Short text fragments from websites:
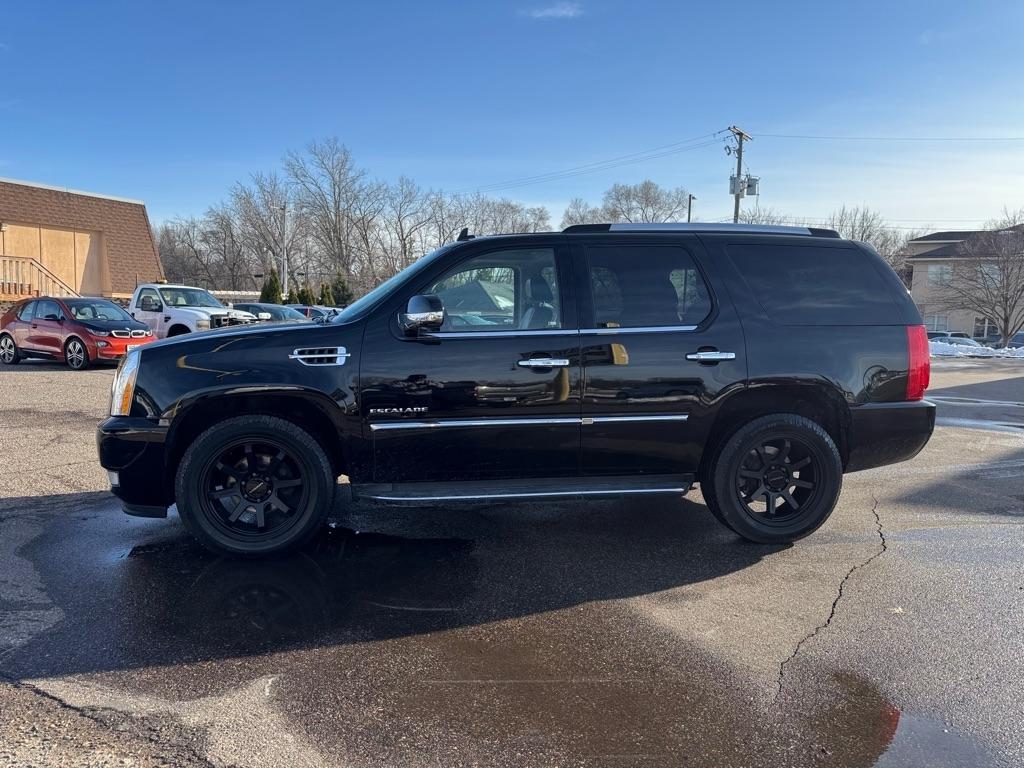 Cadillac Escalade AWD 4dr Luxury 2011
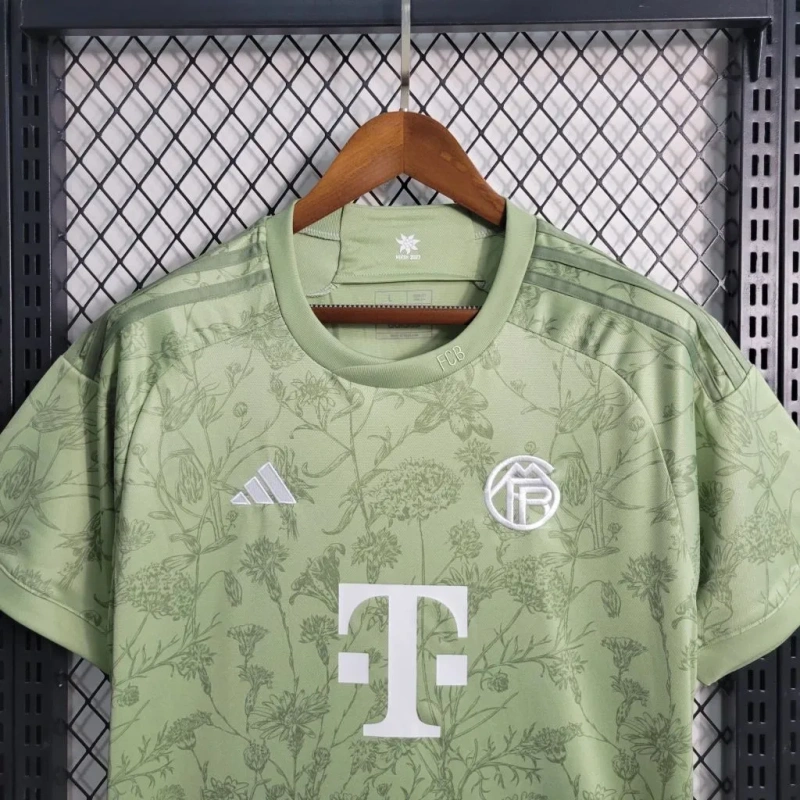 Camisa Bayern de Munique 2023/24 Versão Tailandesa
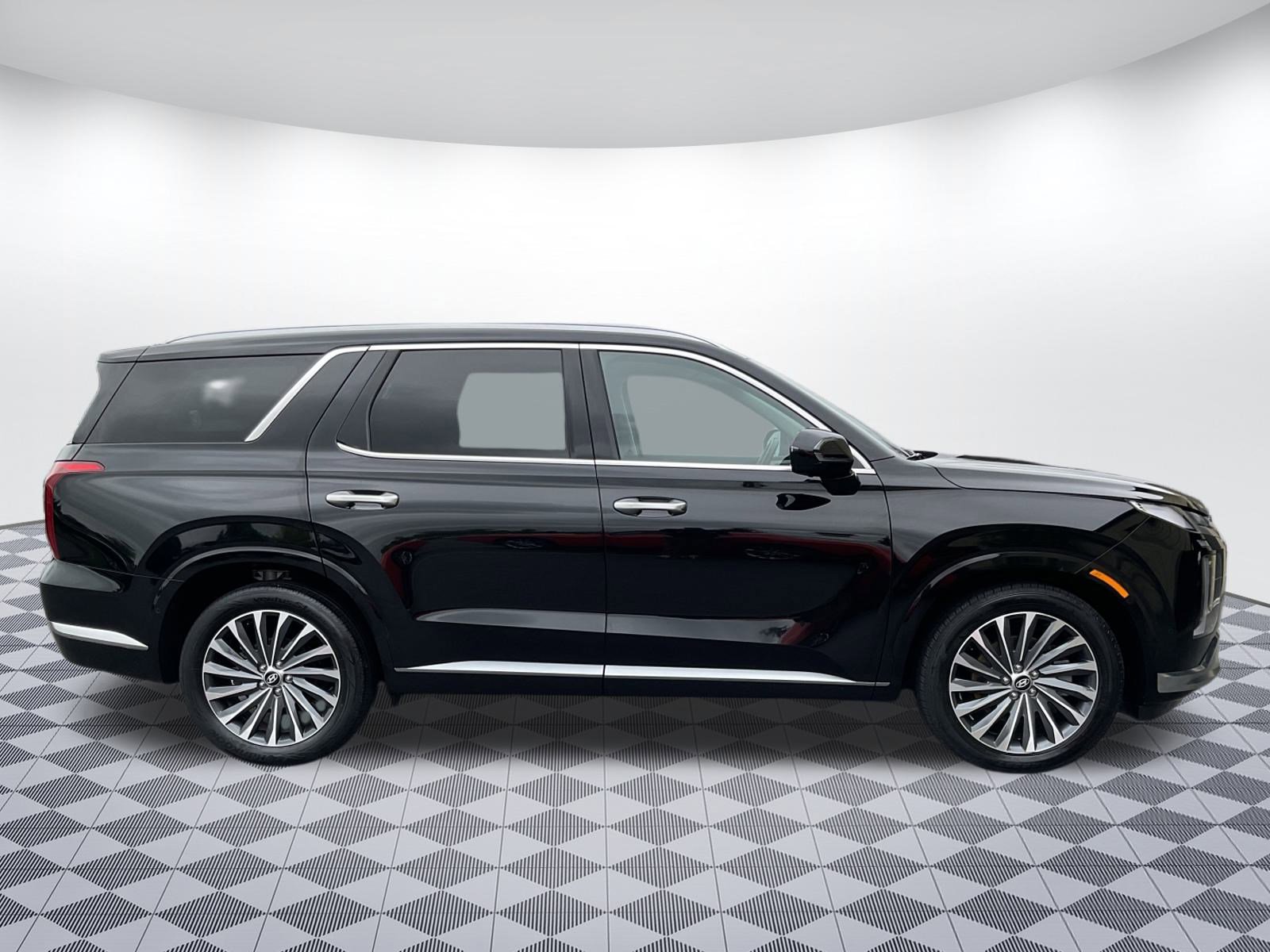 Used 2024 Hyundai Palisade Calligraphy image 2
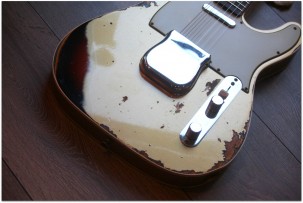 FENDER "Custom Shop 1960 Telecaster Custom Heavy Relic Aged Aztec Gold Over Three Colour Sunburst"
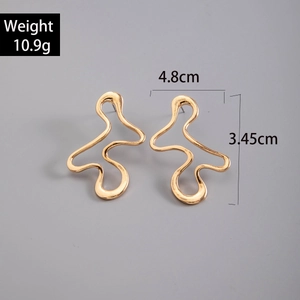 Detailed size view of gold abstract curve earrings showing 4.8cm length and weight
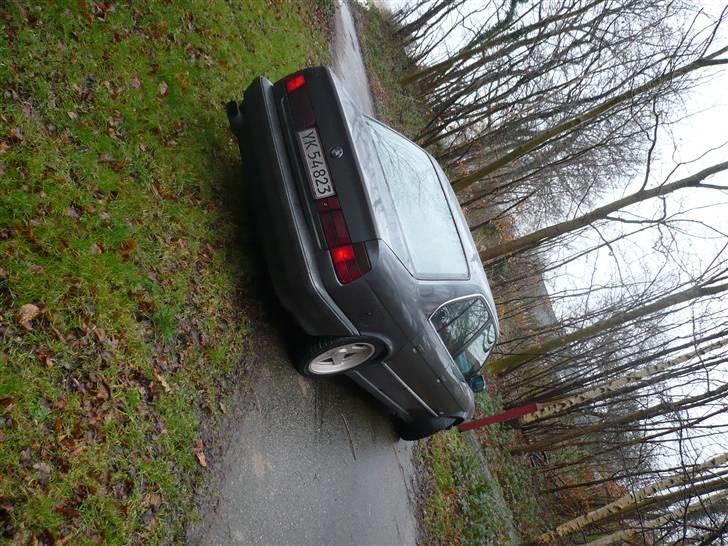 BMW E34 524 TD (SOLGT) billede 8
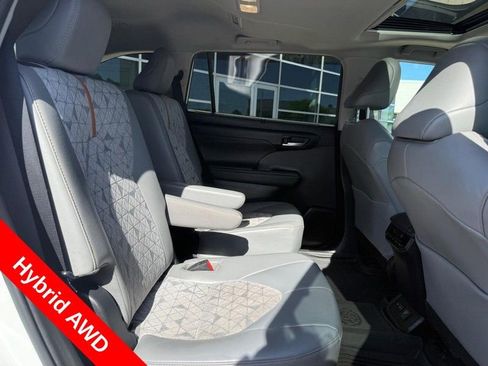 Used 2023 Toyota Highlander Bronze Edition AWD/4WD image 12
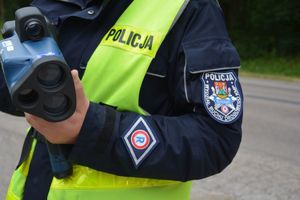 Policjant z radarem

Work instruction: Return exactly the lines from the one containing "Detailed size view" through the end of the records, leaving out every picture.

Result of this task:
 Detailed size view of gold abstract curve earrings showing 4.8cm length and weight
 BMW E34 524 TD (SOLGT) billede 8
 Used 2023 Toyota Highlander Bronze Edition AWD/4WD image 12
 Policjant z radarem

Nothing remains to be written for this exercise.